OKLAHOMA GAS AND ELECTIC
COMPANY,
Defendant.
)
)
)
)
)
)
)
)
)
)
Case No.: 13-CV-356-JHP
OPINION AND ORDER
Before the Court are Defendant Oklahoma Gas and Electric Company’s (“OG&E”)
Motion to Dismiss pursuant to Federal Rule of Civil Procedure 12(b)(6) (Doc. No. 17); Plaintiff
Sierra Club’s Response in Opposition to OG&E’s Motion to Dismiss (Doc. No. 22); and
OG&E’s Reply to Sierra Club’s Reply (Doc. No. 25). For the reasons set forth below, OG&E’s
Motion to Dismiss is GRANTED in part and DENIED in part.
BACKGROUND
A. Procedural History
On August 12, 2013, Sierra Club initiated this action under the Clean Air Act’s (“CAA”)

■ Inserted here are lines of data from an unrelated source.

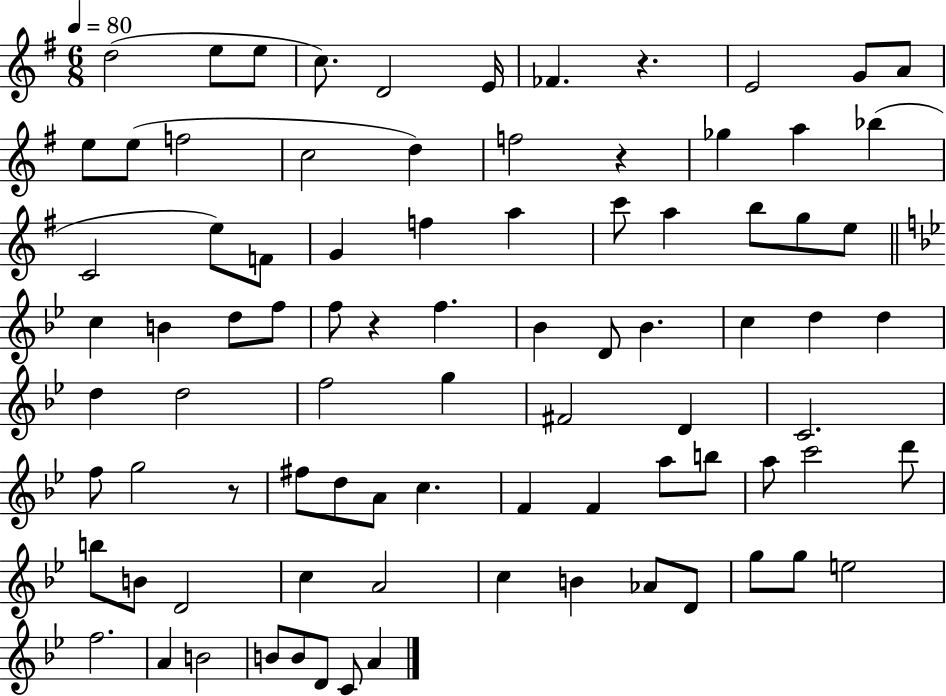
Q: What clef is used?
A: treble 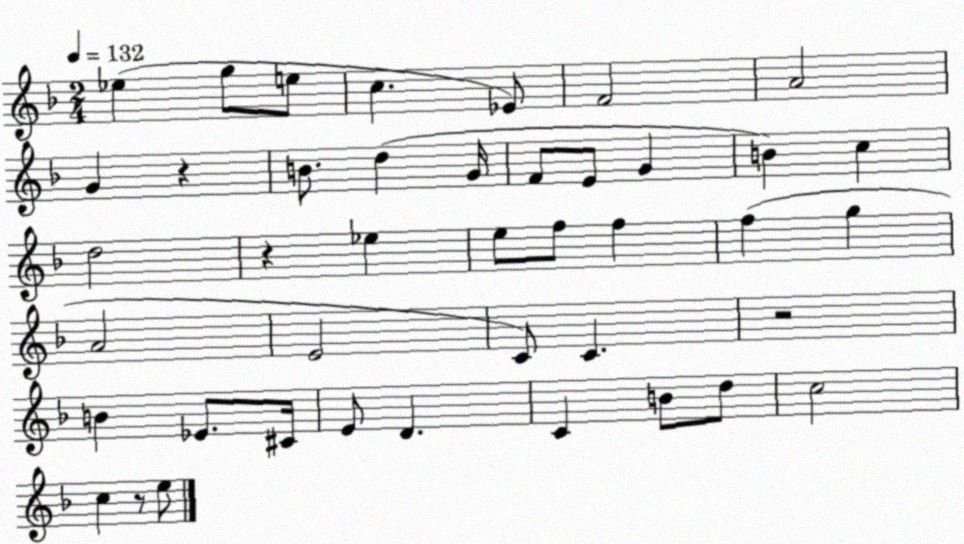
X:1
T:Untitled
M:2/4
L:1/4
K:F
_e g/2 e/2 c _E/2 F2 A2 G z B/2 d G/4 F/2 E/2 G B c d2 z _e e/2 f/2 f f g A2 E2 C/2 C z2 B _E/2 ^C/4 E/2 D C B/2 d/2 c2 c z/2 e/2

“citizen suit” provision, 42 U.S.C. § 7604, which allows any person to bring an action to enforce
the CAA. Sierra Club’s allegations stem from OG&E’s operation of a coal-fired power plant
located in Muskogee, Oklahoma (the “Muskogee Plant”). In its Complaint, Sierra Club asserts
two claims: (1) claims for relief based on OG&E’s failure to obtain a permit required by the
CAA prior to undertaking the modification of certain parts of the Muskogee Plant in March of
2008 (“PSD claims”) 1; and (2) a claim for relief pursuant to 42 U.S.C. § 7604(a)(3), based on
emissions of air pollutants at the Muskogee Plant that exceeded the applicable limits on opacity
and particulate matter (TSP) set forth in Permit PSD-OK-57 (“Opacity and TSP claim”). On
November 4, 2013, OG&E filed a Motion to Dismiss pursuant to Fed. R. Civ. P. 12(b)(6),
arguing that the PSD claim is time-barred pursuant to five-year limitations period prescribed in
28 U.S.C. § 2462, and the Opacity and TSP claim must be dismissed for failure to comply with
the pleading standards set out in Fed. R. Civ. P. 8(a)(2). (Doc. No. 17.)

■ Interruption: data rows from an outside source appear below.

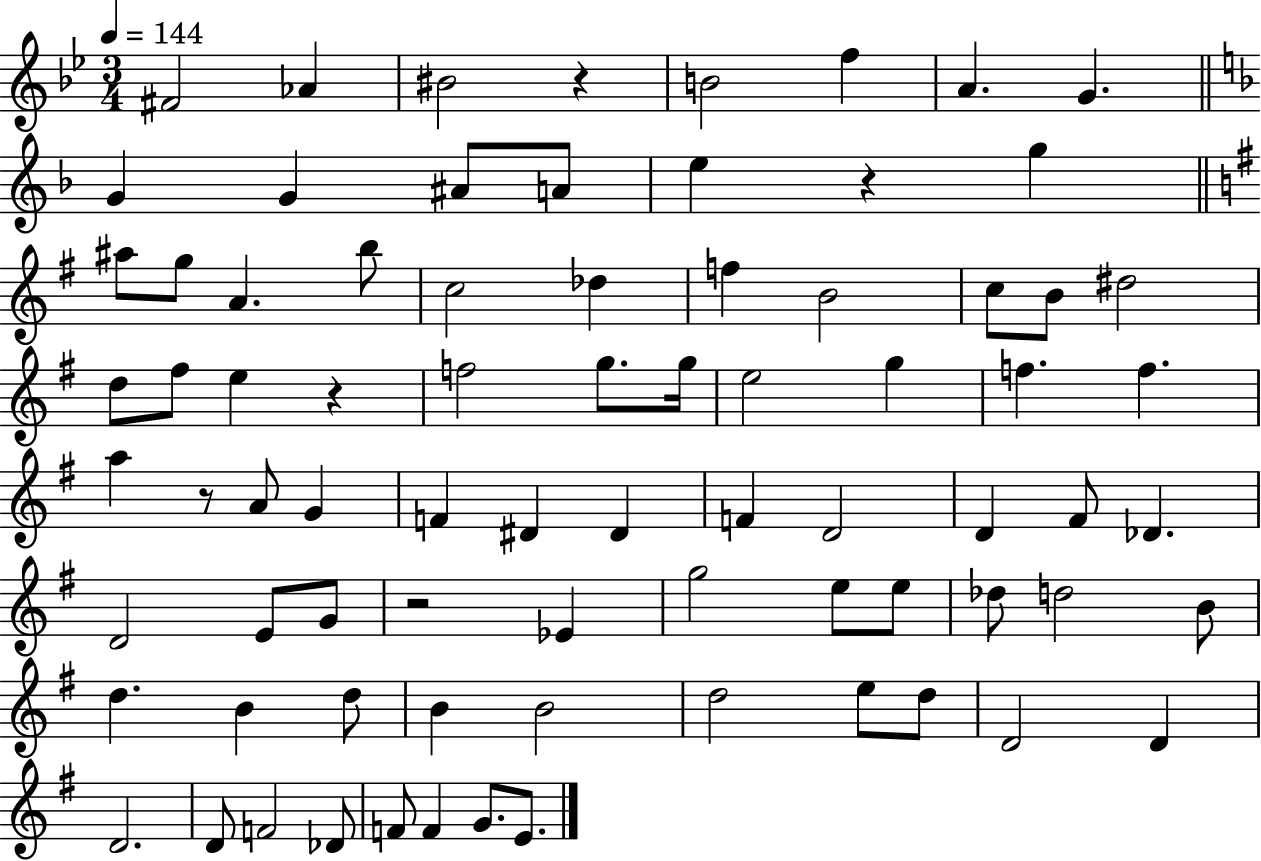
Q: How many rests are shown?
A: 5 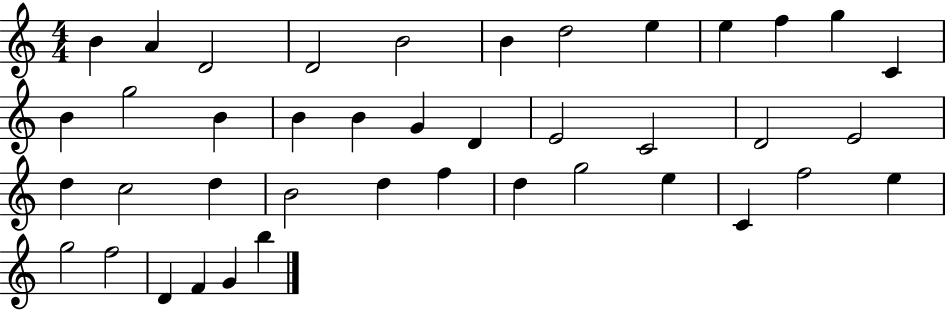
{
  \clef treble
  \numericTimeSignature
  \time 4/4
  \key c \major
  b'4 a'4 d'2 | d'2 b'2 | b'4 d''2 e''4 | e''4 f''4 g''4 c'4 | \break b'4 g''2 b'4 | b'4 b'4 g'4 d'4 | e'2 c'2 | d'2 e'2 | \break d''4 c''2 d''4 | b'2 d''4 f''4 | d''4 g''2 e''4 | c'4 f''2 e''4 | \break g''2 f''2 | d'4 f'4 g'4 b''4 | \bar "|."
} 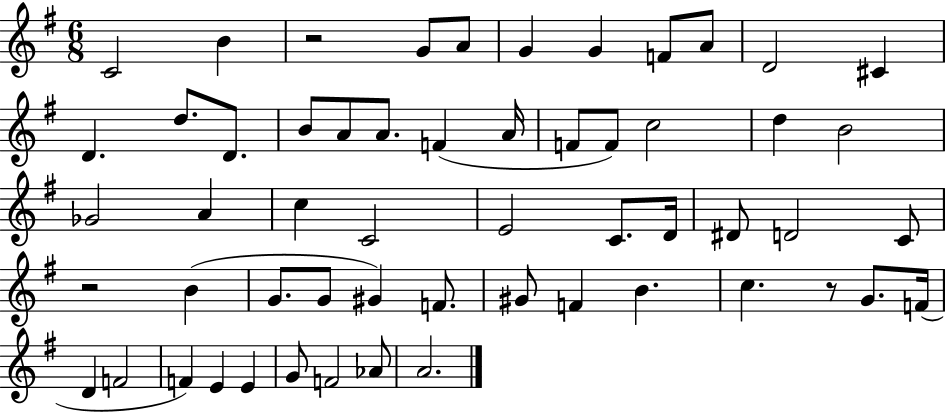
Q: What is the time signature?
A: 6/8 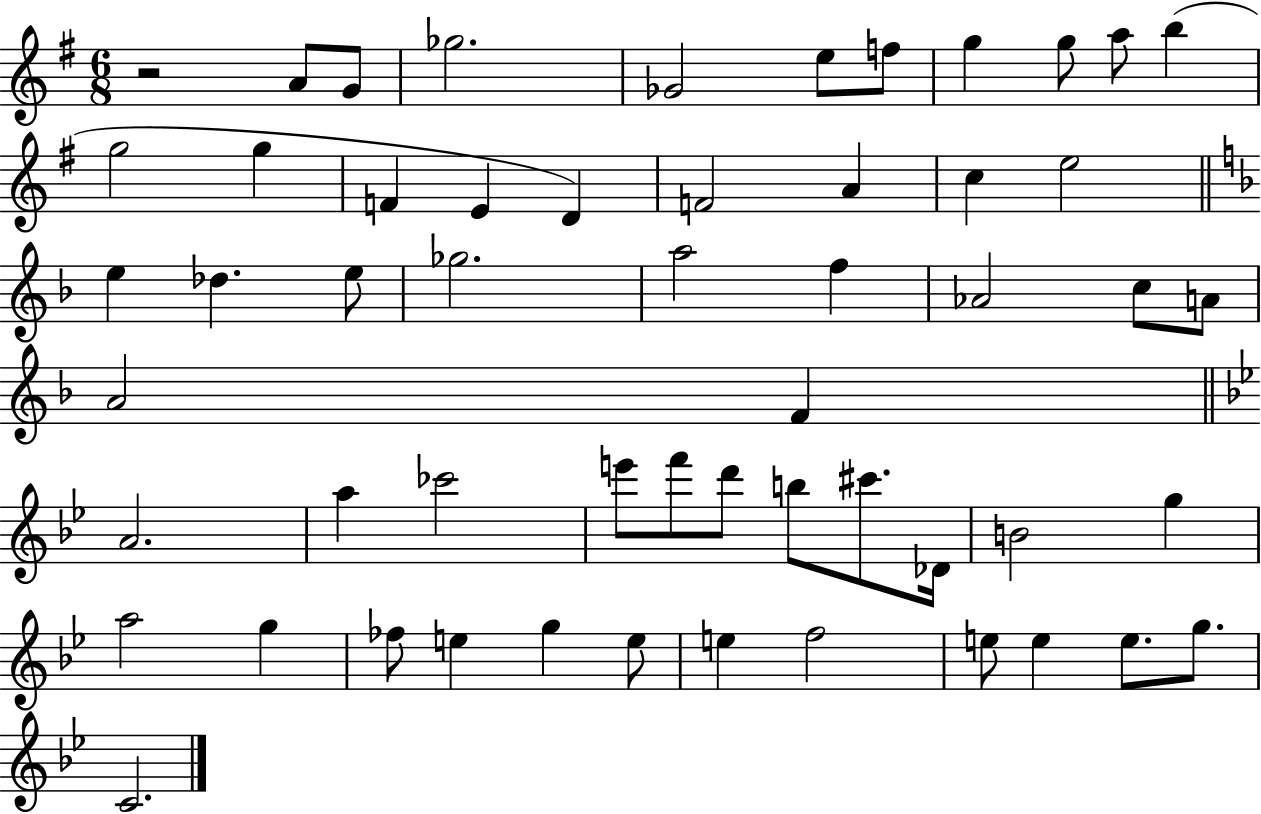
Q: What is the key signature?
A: G major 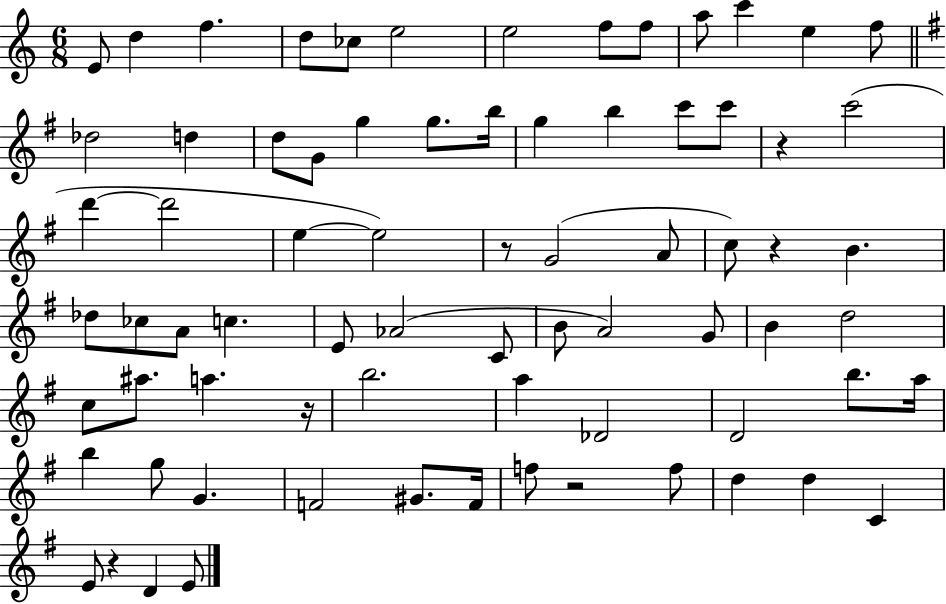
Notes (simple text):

In its motion, OG&E argued that emissions at the Muskogee Plant did not increase after
the March 2008 Project (Doc. No. 17, p. 6 n.1) and submitted a chart in support of its position
(Id. at Ex. 3). The Court recognizes that Rule 12(d) provides that “[i]f, on a motion ... to dismiss
for failure of the pleading to state a claim upon which relief can be granted, matters outside the
pleading are presented to and not excluded by the court, the motion shall be treated as one for
summary judgment.” See also Torres v. First State Bank of Sierra County, 550 F.2d 1255, 1257
(10th Cir. 1977). However, to be sure, the Court has complete discretion in deciding whether to
consider matters outside of the pleadings. See Harper v. Lawrence County, Ala., 592 F.3d 1227,
1232 (11th Cir. 2010); Stahl v. U.S. Dept. of Agriculture, 327 F.3d 697, 701 (8th Cir. 2003).

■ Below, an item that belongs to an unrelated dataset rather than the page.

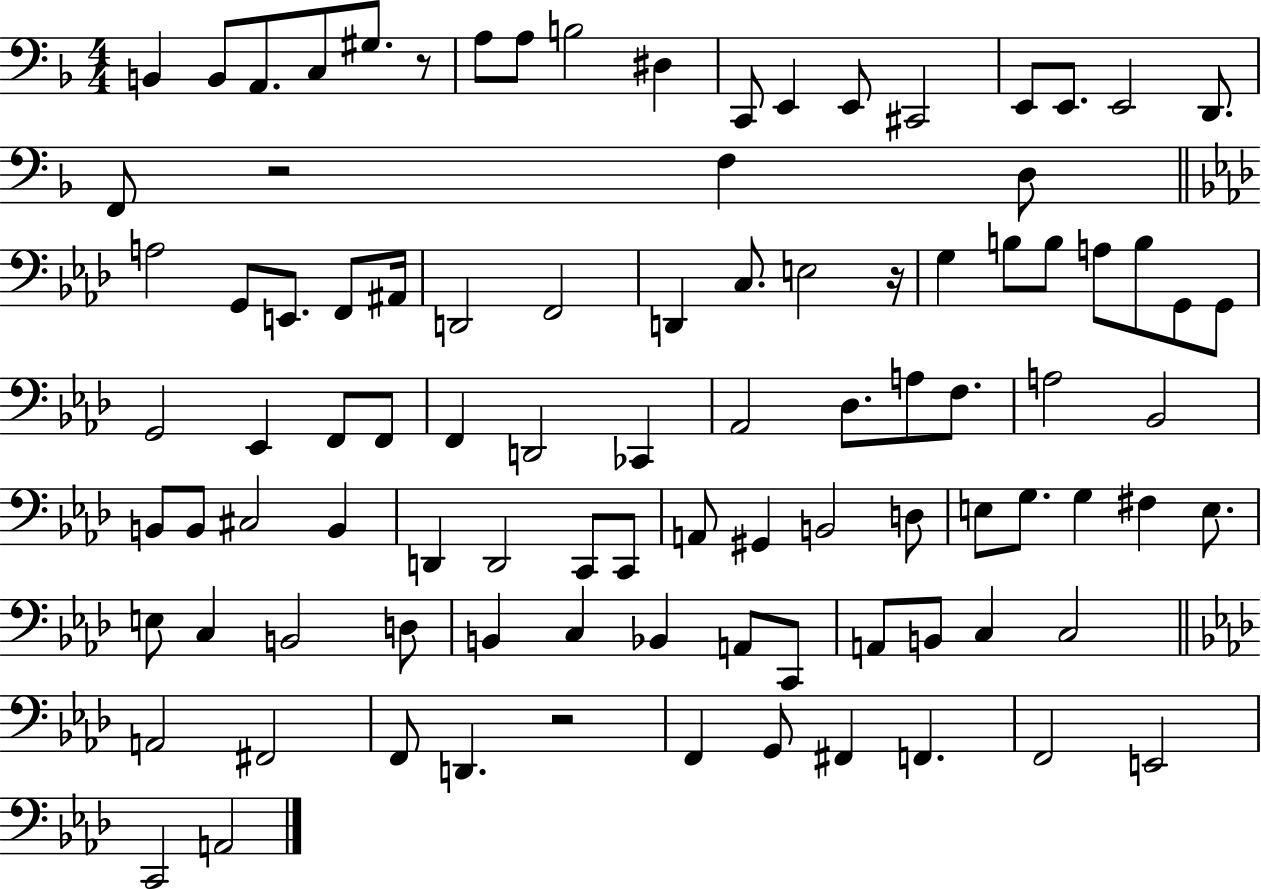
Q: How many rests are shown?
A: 4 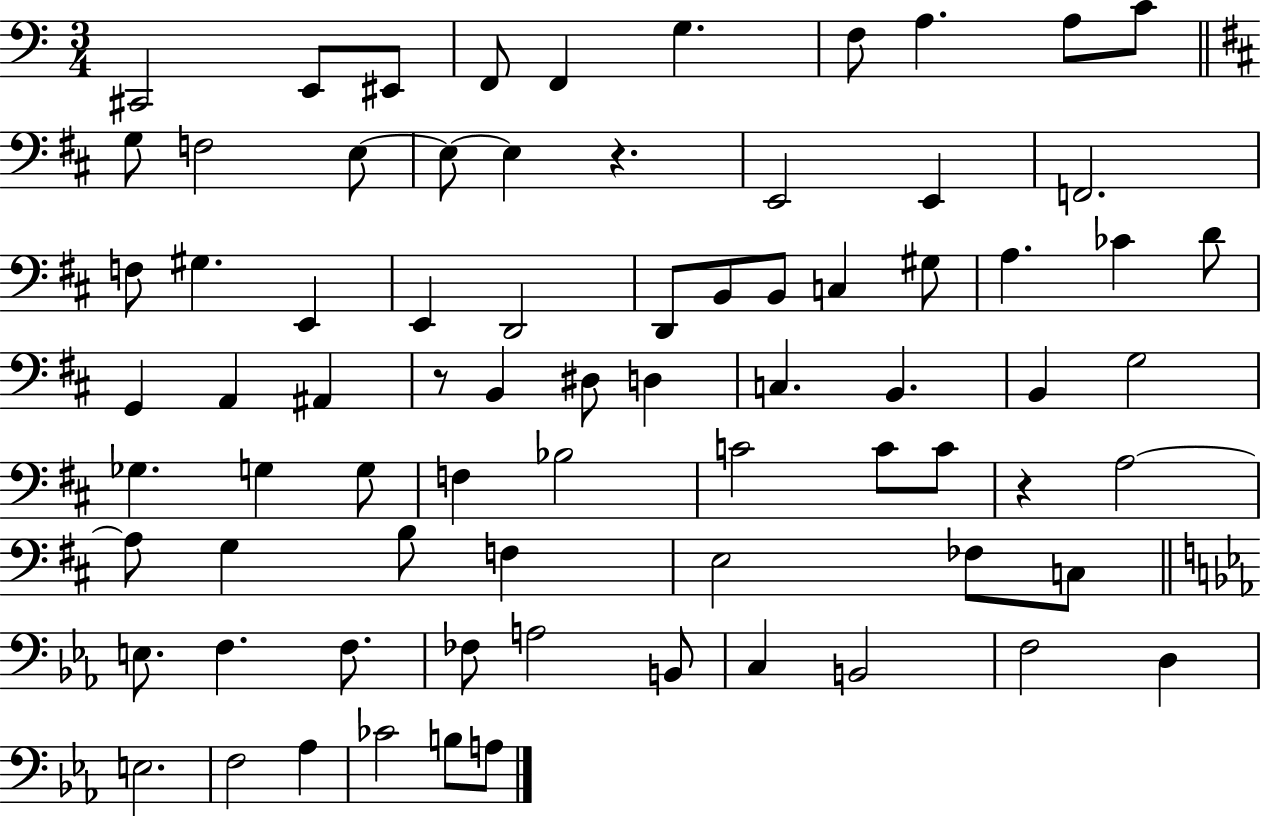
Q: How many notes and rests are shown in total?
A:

Here, the Court declines to consider materials outside of the pleadings submitted by OG&E and
the arguments associated therewith in reaching its conclusions. Accordingly, OG&E’s motion to
dismiss is not converted into a motion for summary judgment.
1
The Court notes that Sierra Club asserts two distinct PSD Claims: (1) a PSD claim for civil penalties, and (2) a
PSD Claim for declaratory and injunctive relief.
2
B. Relevant Legal Framework
1. CAA Framework
Congress passed the CAA “to protect and enhance the quality of the Nation’s air
resources so as to promote the public health and welfare and the productive capacity of its
population.” 42 U.S.C. § 7401(b)(1). Responsibility for administering the CAA is split between
the federal and state governments.
The federal government, through the Environmental
Protection Agency (“EPA”), is tasked with determining national air quality standards, see id. §
7409, and the states are responsible for implementing programs to attain and maintain those
standards, see id. §§ 7407(a), 7410.
Consistent with this framework, the EPA promulgated National Ambient Air Quality
Standards (“NAAQS”) under the CAA for certain pollutants. Id. § 7409; see generally 40
C.F.R. Part 50. Under the CAA, the EPA determines whether areas of a state comply with the
NAAQS for those pollutants. The CAA then directs the states to adopt State Implementation
Plans (“SIPs”) to achieve and maintain NAAQS. 42 U.S.C. § 7410(a). These SIPs are submitted
to the EPA for approval. Id. § 7410(a), (k). The CAA vests primary SIP enforcement authority
in state or local governments. See Espinosa v. Roswell Tower, Inc., 32 F.3d 491, 492 (10th Cir.
1994).
2. The PSD Program
The CAA directs states to implement and maintain NAAQS through the New Source
Review (“NSR”) program. For areas with air that falls below standards (“nonattainment areas”),
the Nonattainment NSR program seeks to ensure that new emissions will not thwart progress
towards meeting NAAQS. In areas with air that meets standards (“attainment areas”), the PSD
program requires that any new emissions will not significantly erode air quality.
3
The PSD program addresses the impact on ambient air quality from both new
construction of, and modification to, large pollutant-emitting facilities in attainment areas. 42
U.S.C. §§ 7470-7492. The CAA requires states to include PSD programs in their SIPs, which
are subject to EPA approval. Id. § 7470. The EPA has approved Oklahoma PSD regulations as
part of the SIP. 48 Fed. Reg. 38,635 (Aug. 25, 1983); 40 C.F.R. Part 52 Subpart LL. In 2008,
Oklahoma’s PSD rules were located at Oklahoma Air Pollution Control Regulation (“OAPCR”)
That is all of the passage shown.